-- Data listing --
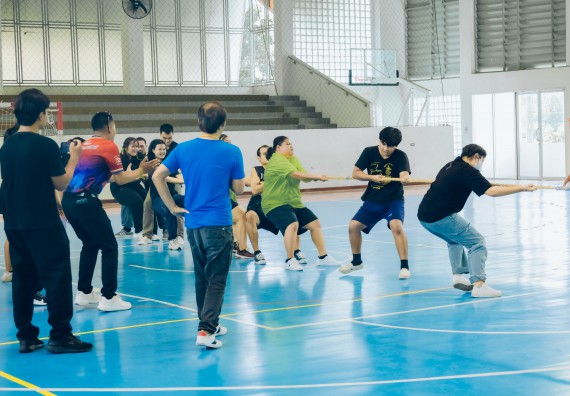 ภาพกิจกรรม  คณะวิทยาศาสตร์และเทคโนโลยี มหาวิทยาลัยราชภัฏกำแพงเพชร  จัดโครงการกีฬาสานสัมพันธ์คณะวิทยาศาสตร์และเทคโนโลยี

...

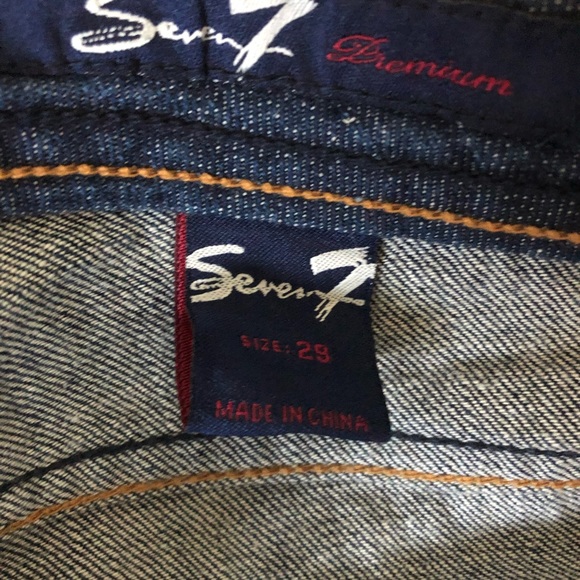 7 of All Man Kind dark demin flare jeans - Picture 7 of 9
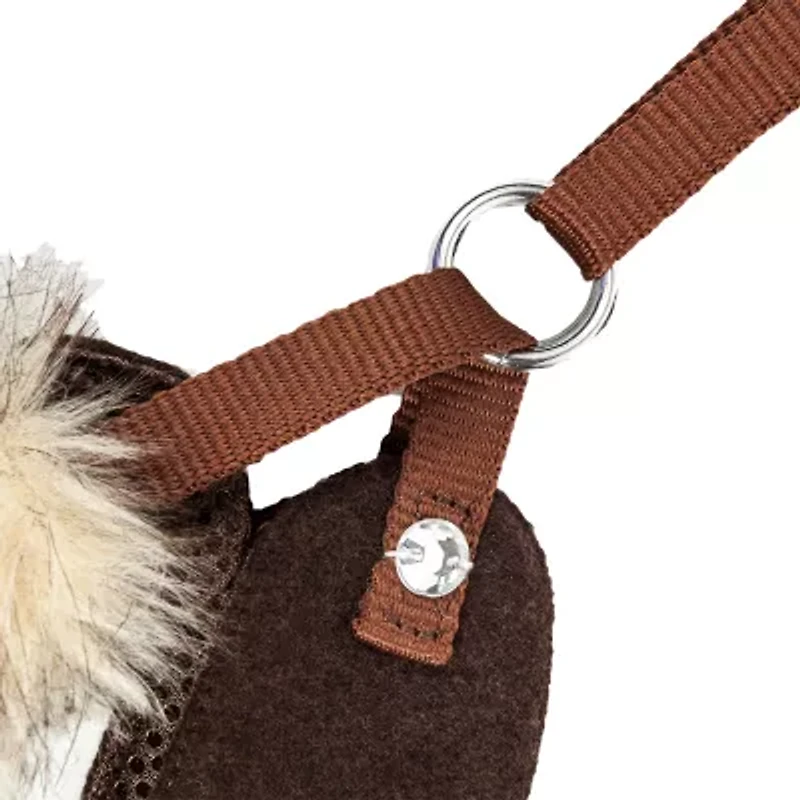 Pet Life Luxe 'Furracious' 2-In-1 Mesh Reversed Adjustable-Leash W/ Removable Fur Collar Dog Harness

---

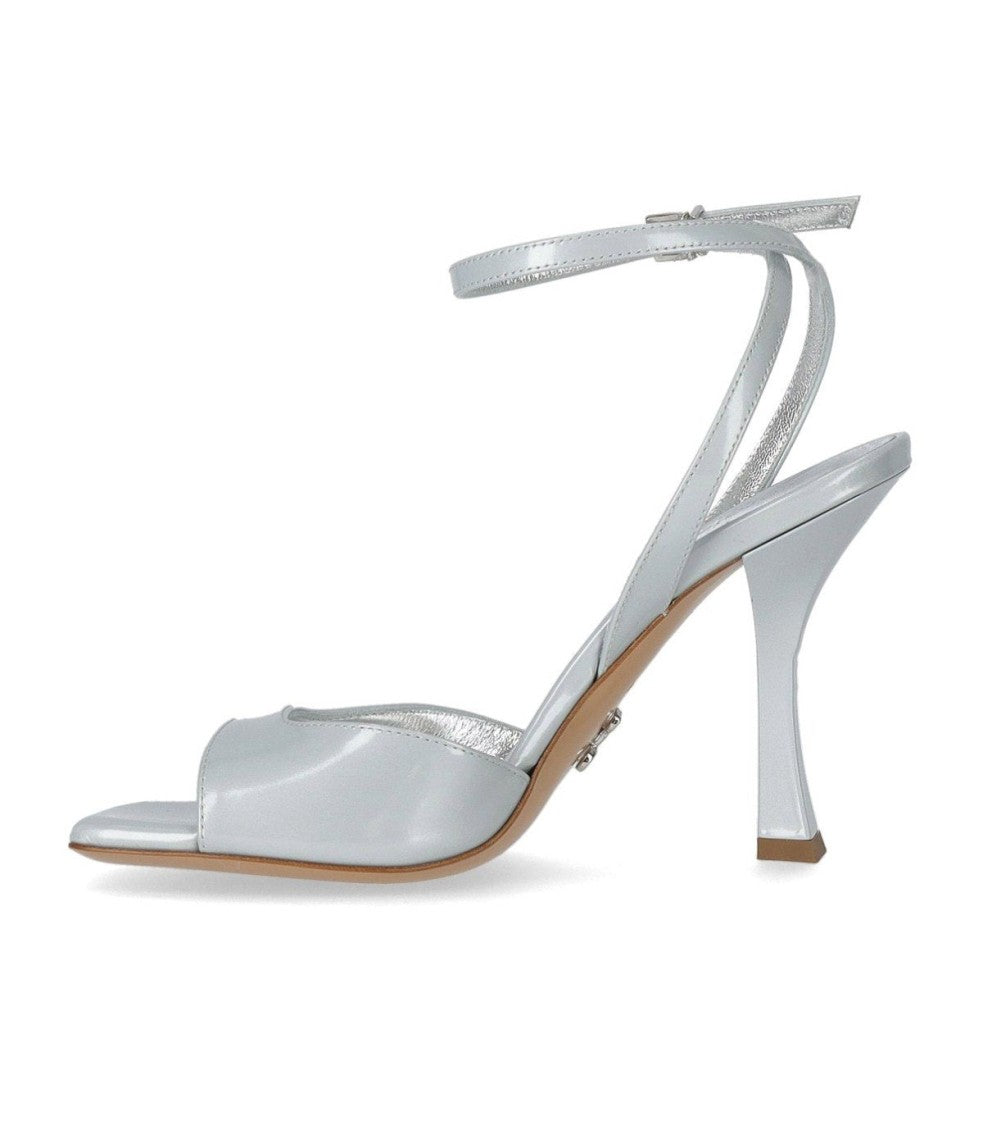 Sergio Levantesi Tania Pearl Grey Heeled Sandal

-- Instructions to follow --
Return the lines above from the one with "7 of All Man" through the one with "Pet Life Luxe", verbatim and nothing else. Omit every picture.

-- Answer space --
 7 of All Man Kind dark demin flare jeans - Picture 7 of 9
 Pet Life Luxe 'Furracious' 2-In-1 Mesh Reversed Adjustable-Leash W/ Removable Fur Collar Dog Harness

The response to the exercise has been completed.